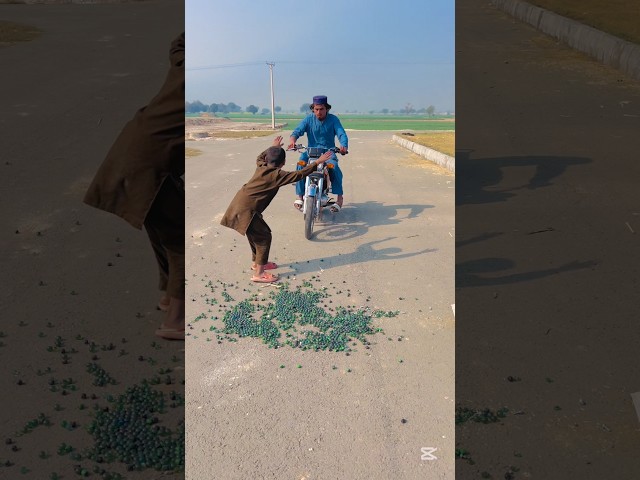 Bachy Ne Baik Waly Ki Help Ki #viralshort #viralvideo #trending #ytshorts #youtubeshorts #shorts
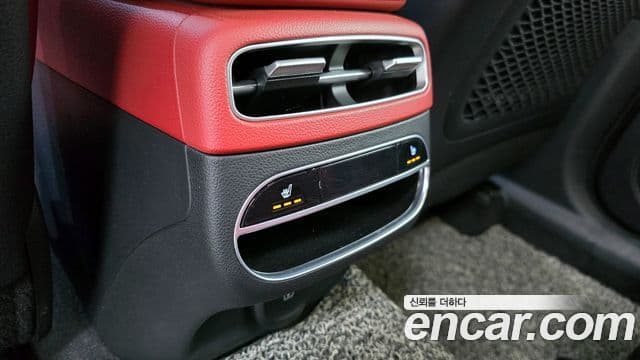 Genesis GV70, 2022 16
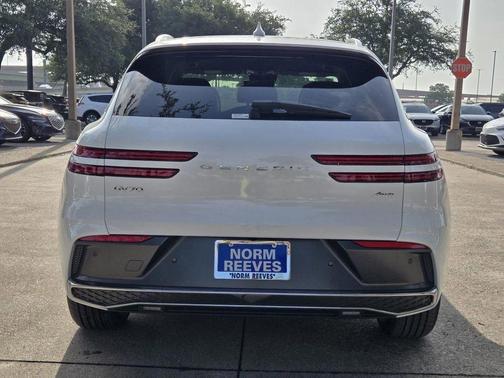 2026 Genesis GV70 2.5T Select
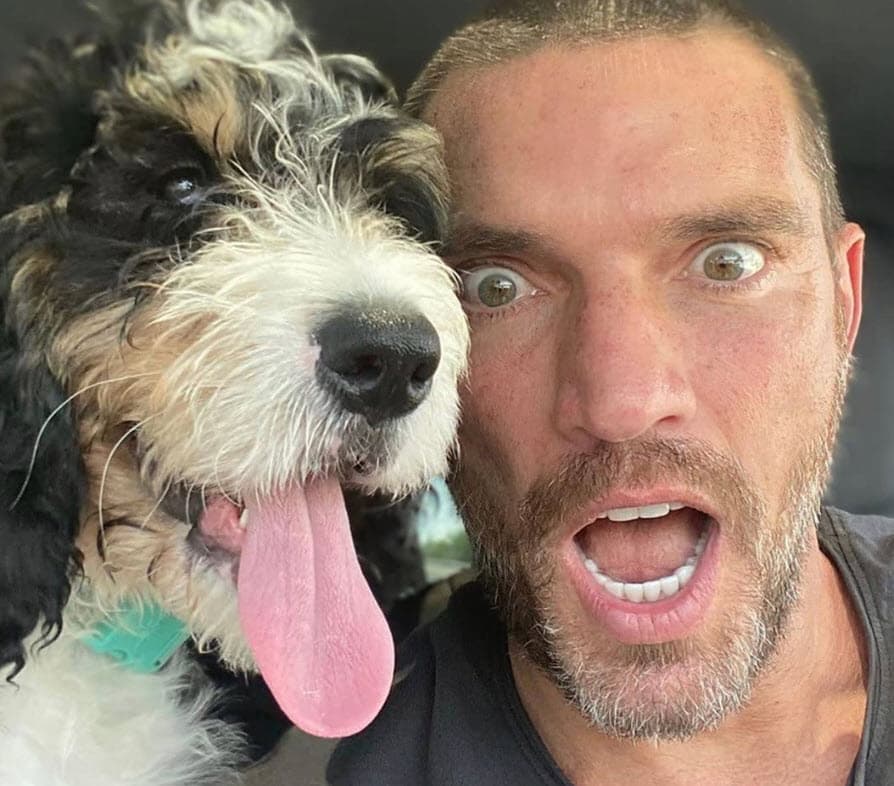 A la pareja le ha tocado llevar el noviazgo en medio de la 
<b><a href="https://www.univision.com/noticias/salud/mapa-actualizado-del-coronavirus-cifras-de-casos-confirmados-y-fallecidos" target="_blank">pandemia mundial de coronavirus. </a></b>
<br>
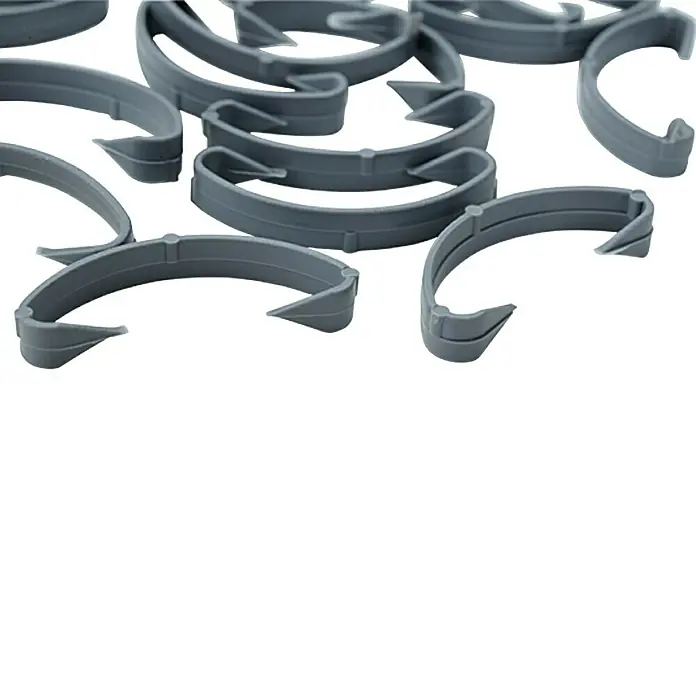 Thermaflex Clips - 50 Stk. - Nahaufnahme von mehreren grauen Lampenschirmen, die sich durch ihr geschwungenes Design und ihre Spitzen auszeichnen.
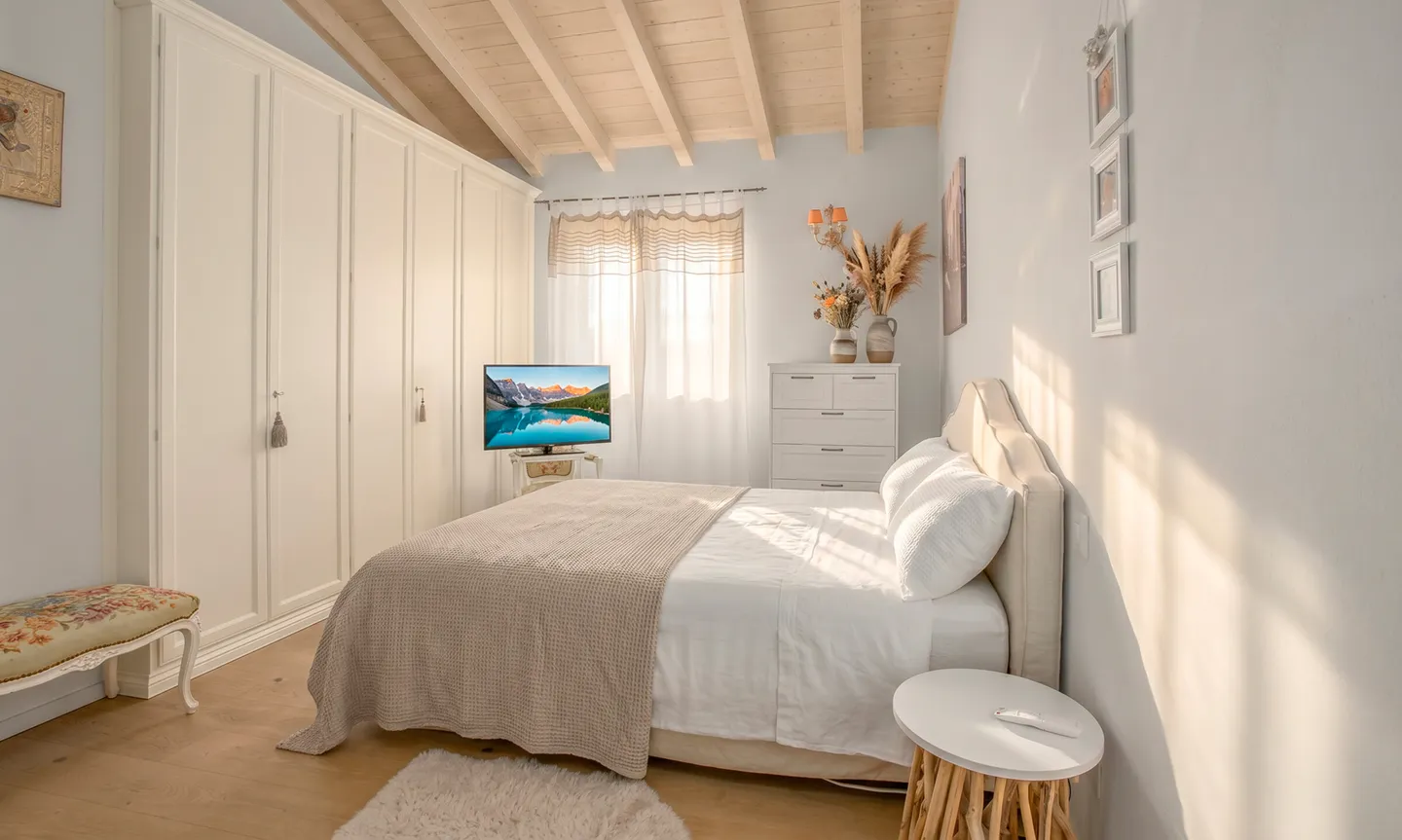 MAGNIFICENT 5.5-ROOM HOUSE WITH GARDEN IN GENESTRERIO - Photo 7 of 9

The problem :: Without the pictures, repeat the line with "de coronavirus. </a></b>" and every line after it to the end of the listing, and nothing else.

Solution for this problem ::
<b><a href="https://www.univision.com/noticias/salud/mapa-actualizado-del-coronavirus-cifras-de-casos-confirmados-y-fallecidos" target="_blank">pandemia mundial de coronavirus. </a></b>
<br>
 Thermaflex Clips - 50 Stk. - Nahaufnahme von mehreren grauen Lampenschirmen, die sich durch ihr geschwungenes Design und ihre Spitzen auszeichnen.
 MAGNIFICENT 5.5-ROOM HOUSE WITH GARDEN IN GENESTRERIO - Photo 7 of 9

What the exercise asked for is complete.